What about those “breadth” requirements? Do they have value?  If you’re a finance major, why should you have to take American Literature? If you’re an English major, why should you have to take Biology?  And if you got to choose all your own courses, exactly as you wanted, would that make for a more limited education? Or a broader one? When MIT puts all their courses online for free, what does that do to the value of an MIT degree?
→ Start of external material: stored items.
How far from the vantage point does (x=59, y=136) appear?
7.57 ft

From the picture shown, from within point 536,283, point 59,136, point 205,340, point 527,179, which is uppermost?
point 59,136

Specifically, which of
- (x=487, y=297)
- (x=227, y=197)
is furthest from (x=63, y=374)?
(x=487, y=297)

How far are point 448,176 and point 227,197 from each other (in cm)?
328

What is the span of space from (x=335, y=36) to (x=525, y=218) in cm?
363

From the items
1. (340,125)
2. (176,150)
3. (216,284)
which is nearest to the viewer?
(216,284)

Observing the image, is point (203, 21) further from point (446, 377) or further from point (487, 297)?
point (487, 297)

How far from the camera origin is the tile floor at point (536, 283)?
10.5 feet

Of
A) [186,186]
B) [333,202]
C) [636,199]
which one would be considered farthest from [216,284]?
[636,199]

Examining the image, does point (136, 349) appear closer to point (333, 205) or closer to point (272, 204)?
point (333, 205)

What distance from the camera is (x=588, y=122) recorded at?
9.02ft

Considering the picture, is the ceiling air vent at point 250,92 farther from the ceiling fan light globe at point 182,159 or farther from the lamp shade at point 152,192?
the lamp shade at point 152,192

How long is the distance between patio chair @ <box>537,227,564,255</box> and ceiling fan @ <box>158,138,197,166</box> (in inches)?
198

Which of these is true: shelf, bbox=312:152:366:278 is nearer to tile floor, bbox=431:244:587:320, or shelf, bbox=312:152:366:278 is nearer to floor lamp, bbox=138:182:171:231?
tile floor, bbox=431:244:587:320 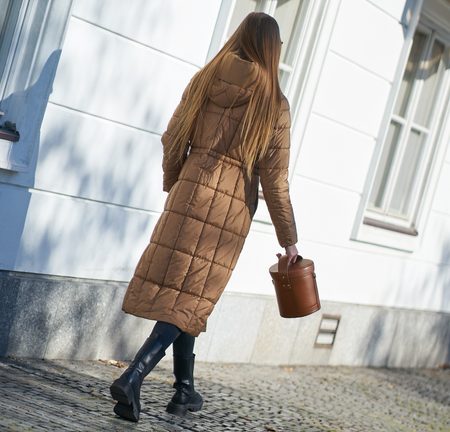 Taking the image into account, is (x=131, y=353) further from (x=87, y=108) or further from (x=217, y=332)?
(x=87, y=108)

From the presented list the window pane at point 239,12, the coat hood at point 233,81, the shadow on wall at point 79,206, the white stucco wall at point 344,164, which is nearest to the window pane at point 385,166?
the white stucco wall at point 344,164

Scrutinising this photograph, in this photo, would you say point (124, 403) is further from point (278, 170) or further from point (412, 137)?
point (412, 137)

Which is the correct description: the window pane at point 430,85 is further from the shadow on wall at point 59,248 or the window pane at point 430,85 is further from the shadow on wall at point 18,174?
the shadow on wall at point 18,174

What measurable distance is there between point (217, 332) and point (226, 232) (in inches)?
107

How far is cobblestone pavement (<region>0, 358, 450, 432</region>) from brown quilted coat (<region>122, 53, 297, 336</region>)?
0.56m

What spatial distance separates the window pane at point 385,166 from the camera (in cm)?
1060

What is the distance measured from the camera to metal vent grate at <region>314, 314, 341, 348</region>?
9.77 m

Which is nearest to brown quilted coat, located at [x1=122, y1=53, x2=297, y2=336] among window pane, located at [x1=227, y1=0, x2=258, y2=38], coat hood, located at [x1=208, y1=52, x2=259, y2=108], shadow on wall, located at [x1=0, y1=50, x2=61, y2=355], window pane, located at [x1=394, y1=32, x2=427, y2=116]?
coat hood, located at [x1=208, y1=52, x2=259, y2=108]

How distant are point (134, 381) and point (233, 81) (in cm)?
146

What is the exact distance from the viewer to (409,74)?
35.1 feet

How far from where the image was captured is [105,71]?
6906mm

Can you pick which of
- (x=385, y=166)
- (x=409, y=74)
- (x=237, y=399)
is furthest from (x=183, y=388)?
(x=409, y=74)

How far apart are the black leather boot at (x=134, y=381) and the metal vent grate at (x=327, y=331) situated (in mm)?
4148

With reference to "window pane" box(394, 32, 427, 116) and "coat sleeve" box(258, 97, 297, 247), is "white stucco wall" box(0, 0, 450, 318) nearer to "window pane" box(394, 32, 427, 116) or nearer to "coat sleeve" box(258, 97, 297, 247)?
"window pane" box(394, 32, 427, 116)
You can take a Yale course on the American Novel, right now, for free.  You can even watch the lecture (there are actually three parts–this is just the first lecture–but you can get all of them) from that course on Nabokov’s Lolita right here in this course.  Or embed it in your own blog. (you don’t really need to watch this whole video–or the other parts–for this class.  But watch a few minutes and see what you think).

Watch it on Academic Earth

So do you need to go to Yale? Or why would you need to listen to a lecture on Lolita from anyone else? I’m not a Yale professor.  Would you want to hear my lecture on Lolita if you could hear one from Yale?

(And remember the question that came up in unit 1.  What good is a lecture, anyway? Is a series of lectures really a course? This new world of open education might make us question even more what good education or the best education really is.  What is a course, anyway?)